P1: Graph Wrangling in Jupyter
- Due Apr 11, 2017 by 11:59pm
- Points 10
- Submitting a file upload
- File Types html and pdf
Setup
Install Jupyter Notebook (http://jupyter.readthedocs.io/en/latest/install.html Links to an external site.).
Install Graphviz (http://www.graphviz.org/ Links to an external site.).
Instructions
Create a Jupyter notebook that wrangles the county adjacency dataset into the DOT graph description language. Use the "fdp" (force-directed layout) tool from Graphviz to render an image file, and then display it in your notebook.
Rather than showing a graph of the counties found within the state of California (as in the example data wrangling notebook showed in the first lecture: Counties.html Download Counties.html), show the graph at the level of states and territories. Note that this dataset includes information for territories like Puerto Rico and American Samoa, so you should expect more than 50 nodes in your graph.
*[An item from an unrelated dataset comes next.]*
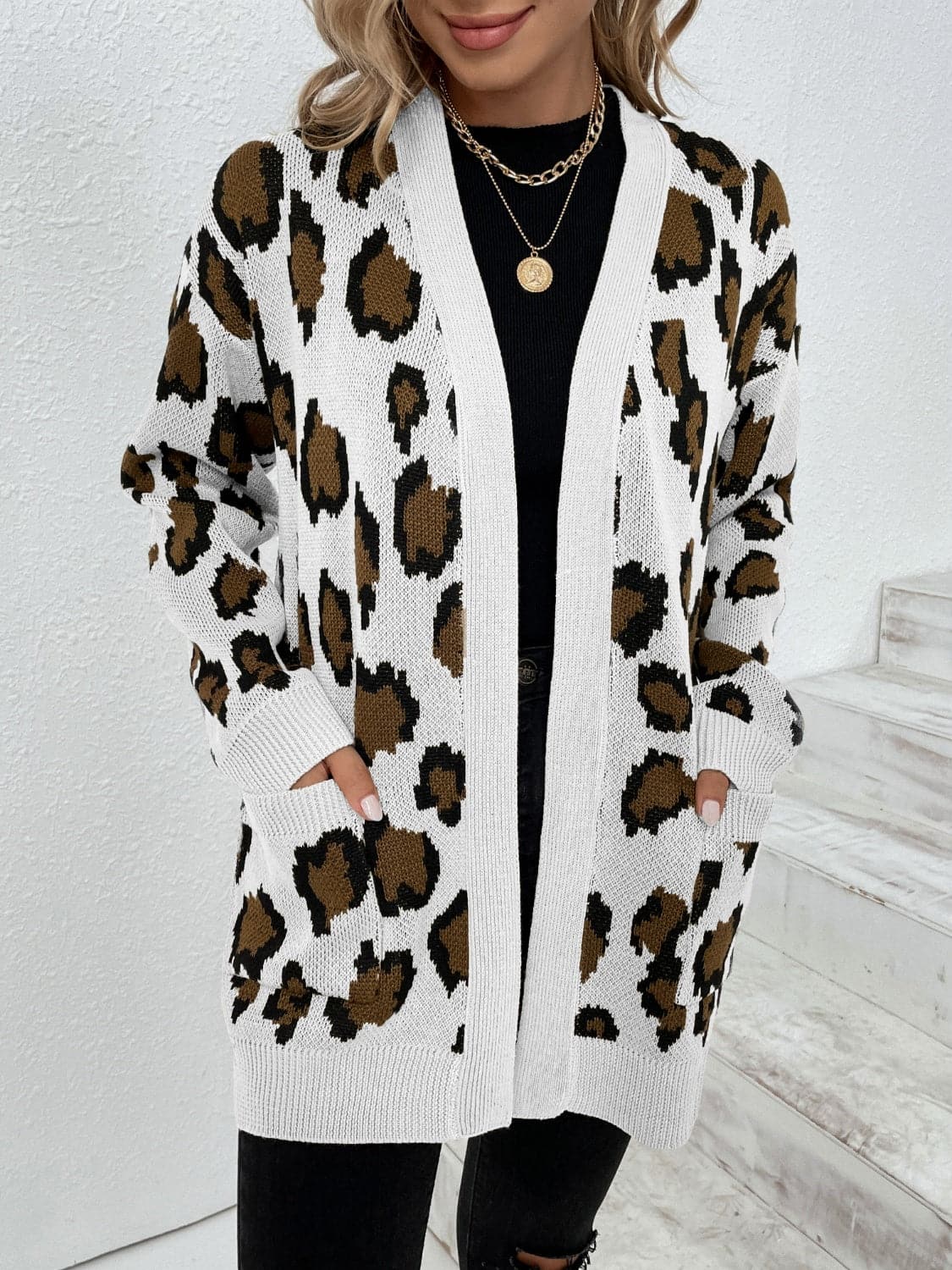 Leopard Open Front Dropped Shoulder Cardigan.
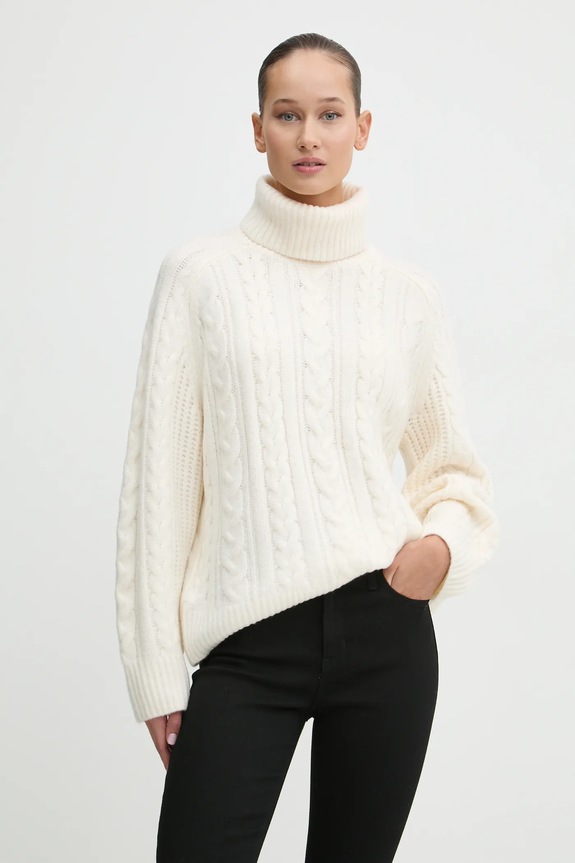 Pulover s dodatkom vune Abercrombie & Fitch s dodatkom vune bež KI150.4460.178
What counts as a state or territory? For the purposes of this task, it counts if it has a two-letter code (e.g., "AK" for Alaska and "GU" for Guam).
Grading criteria
[1pt] A Notebook (html or pdf exported version) is turned in displaying at least some Python code execution.
[1pt] Some Markdown cells are used to give structure to the notebook. At least one text cell at the top of the notebook should describe the purpose of the notebook.
[1pt] One cell shows a preview of the raw dataset (e.g., using the "head" command).
[2pts] Some Python code wrangles the dataset into a dot-language graph description file.
[1pt] Some Python code directly displays the number of unique states and territories that will be shown in the graph.
[1pt] One cell shows a preview of the dot file.
[1pt] The fdp layout engine is used to render an image.
[1pt] The image is displayed within the notebook.
[1pt] The node for the state of California is highlighted in some way (such as changing the size, shape, or color of the node using node attributes in the dot language).